All fair and fine. He implored both countries to engage to take their relations to a higher level. But he refused to commit his country to the removal of the illegal economic sanctions it imposed on Zimbabwe in 2001. Wharton, instead, chose to place the onus for the removal of the economic embargo on the victim of the wickedly misnamed Zimbabwe Democracy and Economic Recovery Act, Zimbabwe itself.

“I cannot predict what Zimbabwe will do,” said Ambassador Wharton when asked when he thought the US would remove its sanctions regime as a way of improving relations between the two countries.

“The magic is Zimbabwe focuses on the concerns that gave rise to Zidera.”

The least we can say is that we find Mr Wharton’s valedictory remarks ill-advised if not completely in bad taste. We say this advisedly given that Ambassador Wharton in particular and the US in general know the real reason for the imposition of sanctions on Zimbabwe, but they have over the years opted to obfuscate and muddy issues.

The sanctions were imposed at the behest of the British government under the New Labour party of Tony Blair. Blair lied about the situation in Zimbabwe the same way he has recently confessed to Britain’s and America’s distortion and manipulation of information leading to the invasion of the state of Iraq after they falsely claimed Saddam Hussein had weapons of mass destruction ready for deployment in 45 minutes.

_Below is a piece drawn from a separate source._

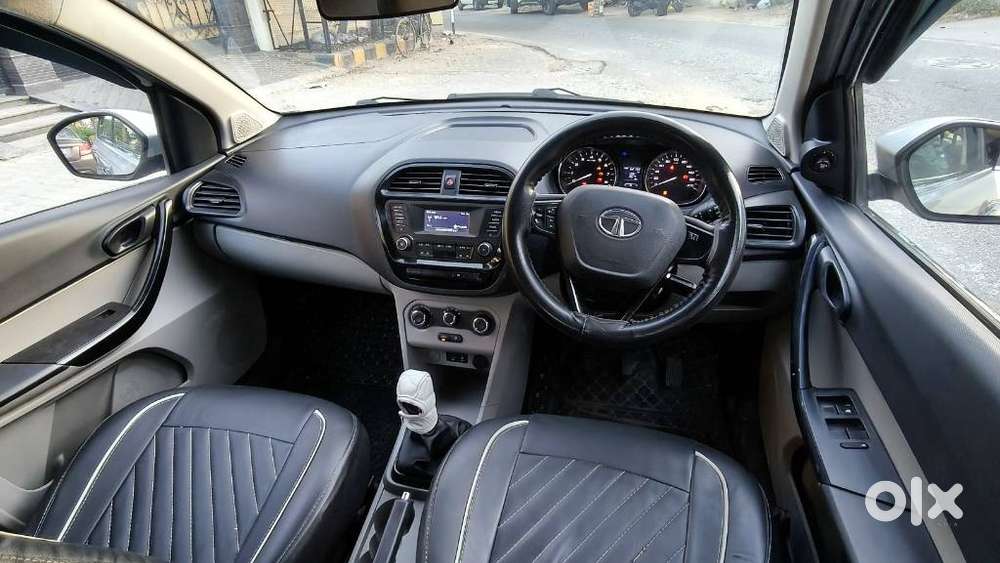 Tata Tiago 1.2 Revotron Xz Wo Alloy, 2019, Petrol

After Zimbabwe embarked on the historic land reclamation programme led by President Mugabe in 2000, Britain decided to punish the country in defence of its minority kith and kin against the aspirations of the majority blacks, but it could not do this alone. That is how the US and the European Union and its former colonies of Australia and Canada were roped in.

Instead of stating matters in their simplest terms, that Africans were reclaiming land stolen from their ancestors by our ancestors since the occupation of the country in the 1890s, Blair engaged in a malicious campaign of calumny, asserting that President Mugabe was guilty of human rights violations, political violence and murder so as to give some veneer of morality to what was a dastardly act of vindictiveness against a poor African state.

Ambassador Wharton is well aware of these basic facts. We would expect him to do at least something respectable before his departure: to tell his successor, one Harry Kay Thomas, this plain truth. But it seems he is still in a foul mood, angry on behalf of Britain and Blair about the land reform programme.

This exposes one thing: the US is not interested in improving relations with Zimbabwe except on its own terms. On that one we can assure him of utter failure. To the extent that Zidera was a spiteful piece of legislation to punish Zimbabwe for the land reform programme, it shall be resisted as such. There is no going back on that programme and that is one piece of good news which Wharton can take to the equally clueless Obama.

We find it patronising that at this late hour Mr Wharton has the temerity to tell us the US can only demonstrate that it is a friend of Zimbabweans by engaging in self-serving humanitarian donations while it maintains the bigger cruelty of sanctions on the whole nation. We find this insulting.

Zimbabweans are not interested in acts of charity. They want to be free to engage with whosoever they want in the international community. They want to freely exploit their natural resources and trade them freely without American interference. Zimbabwe is not interested in a war with any nation, but will not suffer bullying by a self-anointed global policemen.

The US can do better if it wants to improve relations with Zimbabwe. Mr Thomas can open a new chapter in those relations by telling Obama the true story: Zimbabwe wants to be as free of British control as the United States of America.